• _What you should do_:
Using the records below, filter out every line that lacks "Double" and copy the rest.

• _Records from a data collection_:
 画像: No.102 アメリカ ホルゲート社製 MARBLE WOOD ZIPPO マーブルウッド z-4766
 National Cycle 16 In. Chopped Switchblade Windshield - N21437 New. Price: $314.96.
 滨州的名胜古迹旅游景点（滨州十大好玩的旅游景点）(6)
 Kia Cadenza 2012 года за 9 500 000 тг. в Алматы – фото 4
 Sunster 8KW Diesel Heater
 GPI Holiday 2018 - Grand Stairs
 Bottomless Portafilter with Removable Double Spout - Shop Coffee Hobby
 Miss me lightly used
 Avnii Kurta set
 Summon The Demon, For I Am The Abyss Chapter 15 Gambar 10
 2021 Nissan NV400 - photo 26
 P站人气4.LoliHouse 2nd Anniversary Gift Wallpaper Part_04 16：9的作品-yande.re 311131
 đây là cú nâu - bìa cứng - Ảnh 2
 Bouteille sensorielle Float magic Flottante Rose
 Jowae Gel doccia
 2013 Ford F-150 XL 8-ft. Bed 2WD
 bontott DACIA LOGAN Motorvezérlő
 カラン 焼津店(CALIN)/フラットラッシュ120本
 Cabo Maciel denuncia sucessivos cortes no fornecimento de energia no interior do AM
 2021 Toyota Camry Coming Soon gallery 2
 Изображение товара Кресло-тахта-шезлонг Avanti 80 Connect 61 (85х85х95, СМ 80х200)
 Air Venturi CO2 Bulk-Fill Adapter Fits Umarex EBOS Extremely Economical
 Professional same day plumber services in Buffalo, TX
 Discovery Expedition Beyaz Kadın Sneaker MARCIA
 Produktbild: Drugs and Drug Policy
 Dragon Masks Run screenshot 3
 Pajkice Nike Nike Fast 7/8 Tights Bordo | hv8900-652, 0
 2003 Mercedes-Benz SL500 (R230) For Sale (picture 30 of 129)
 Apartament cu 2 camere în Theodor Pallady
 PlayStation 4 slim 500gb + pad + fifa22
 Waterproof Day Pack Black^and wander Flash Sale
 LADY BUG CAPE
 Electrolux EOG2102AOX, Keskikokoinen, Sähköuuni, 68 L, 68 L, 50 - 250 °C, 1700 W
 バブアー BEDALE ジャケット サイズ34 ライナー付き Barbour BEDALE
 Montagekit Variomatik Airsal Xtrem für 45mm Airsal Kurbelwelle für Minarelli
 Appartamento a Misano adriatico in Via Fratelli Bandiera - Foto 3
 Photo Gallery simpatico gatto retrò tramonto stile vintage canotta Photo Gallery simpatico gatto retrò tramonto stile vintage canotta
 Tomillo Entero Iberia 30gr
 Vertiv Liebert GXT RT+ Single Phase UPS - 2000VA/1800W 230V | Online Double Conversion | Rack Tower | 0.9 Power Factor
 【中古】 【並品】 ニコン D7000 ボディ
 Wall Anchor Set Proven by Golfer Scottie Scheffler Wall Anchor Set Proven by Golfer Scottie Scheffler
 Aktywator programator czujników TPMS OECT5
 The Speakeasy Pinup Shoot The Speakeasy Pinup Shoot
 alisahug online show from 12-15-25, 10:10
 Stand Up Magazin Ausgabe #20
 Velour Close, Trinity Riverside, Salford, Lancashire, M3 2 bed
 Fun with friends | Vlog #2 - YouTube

• _Exercise answer_:
 Bottomless Portafilter with Removable Double Spout - Shop Coffee Hobby
 Vertiv Liebert GXT RT+ Single Phase UPS - 2000VA/1800W 230V | Online Double Conversion | Rack Tower | 0.9 Power Factor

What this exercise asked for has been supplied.